With the economy's performance during the first half of 2010 on the books, it's time to ask where we go from here. The economy started the year on a roll, with growth booming and thoughts of a strong recovery dancing in our heads. Unfortunately, those great expectations have been dampened and there's now worry about a possible double dip. In reality, the economy never had a chance to grow strongly this year, and the fears of a renewed downturn are more an issue of dashed hopes than an accurate reading of the economic tea leaves. The recovery is likely to continue at a modest pace until the headwinds holding back the expansion fade.

Six months ago, when economic bulls were running strong, what the U.S. economy was experiencing was not the start of a V-shaped recovery but a return to reality. In the spring of 2009, there was panic, and businesses and households assumed the "turtle position." The game plan for companies was to survive until 2010, and that meant cutting expenses, including workforces and inventories, to the bone. Individuals stopped spending.

By last fall, conditions were improving, leading to "the head fake." The spring reductions had been so sharp that companies were operating at too low a level of production and with too few workers. Households that had survived the worst were spending again, but also from depressed levels. Consequently, the upturn looked robust.

That pace of growth was artificial and not sustainable. One example makes that clear. Motor vehicle sales rose 20%, to an annualized rate of 11.2 million units in December from about 9.2 million units in September. While that appeared to signal that consumers were back in spending mode, it was largely a statistical mirage, a large change from a low base. The absolute level of vehicle purchases remained extraordinarily low. After the economy moved off the bottom, the many problems still facing it brought the expansion back to earth.
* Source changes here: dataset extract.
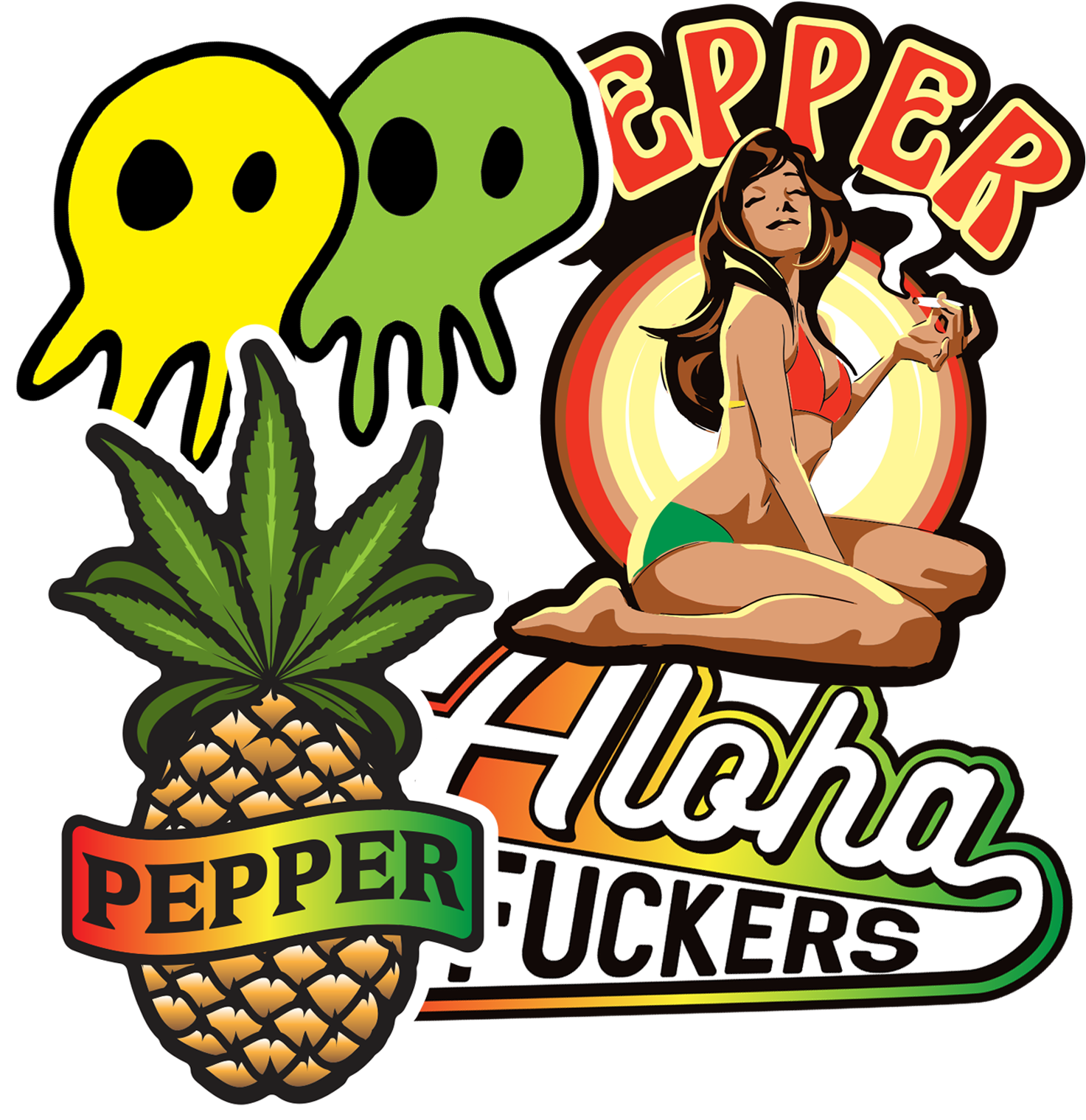 Aloha Sticker Set $12 - Aloha Sticker Set $12 (1600x1600)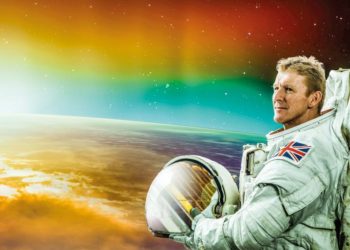 TIm Peake shares his extraordinary adventures. Picture: courtesy of The Hexagon Theatre, Reading.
For the economy to move into a full expansion phase, it must overcome a number of significant restraints. The most important is credit availability. While banks are healing, they are not healthy. Credit is still being rationed. The slowly improving housing market is keeping construction down and wealth restrained. Houses are no longer ATMs driving consumer demand. Uncertainty about the recovery and government policy has restrained job growth, and the soft labor market is creating consumer angst, limiting confidence and spending. Even the public sector is moving toward contractionary policies as state and local governments cut spending and their workforces.

These issues were with us for the last 12 months, but investors looked past them. The rebuilding of inventories led to a surge in production, and that was viewed as sustainable. It wasn't. Once empty shelves were restocked, demand naturally slowed. Similarly, after companies rebuilt their staffs to levels commensurate with growth, the surge in job gains had to ease.

Though the recovery has been under way for about a year, it's not clear how strong future growth will be. A little bit of perspective is needed here. Over the past two decades, growth of roughly 3.75% has been regarded as strong. However, during both decades, that pace of growth was largely fueled by bubbles–dot-coms in the 1990s and housing over the last decade.

In the 1980s, when bubbles were not the driving force, solid growth was considered to be about 2.75%. That is probably a more realistic growth rate. Unfortunately, it is about 30% slower than the U.S. has seen recently. And with the continued concerns about credit and housing, as well as low levels of confidence, reaching even that pace may be a challenge.

My outlook is for sluggish growth to continue for the next year, probably in the 2% range. But that is not a recession, and another dip does not seem likely. It's just that too many people seem to believe anything below 3% is a recession. What needs to change is the perspective on what constitutes decent growth. If, as I suspect, it is a lower figure than in the recent past, households, businesses and governments will have to adjust to that "new normal."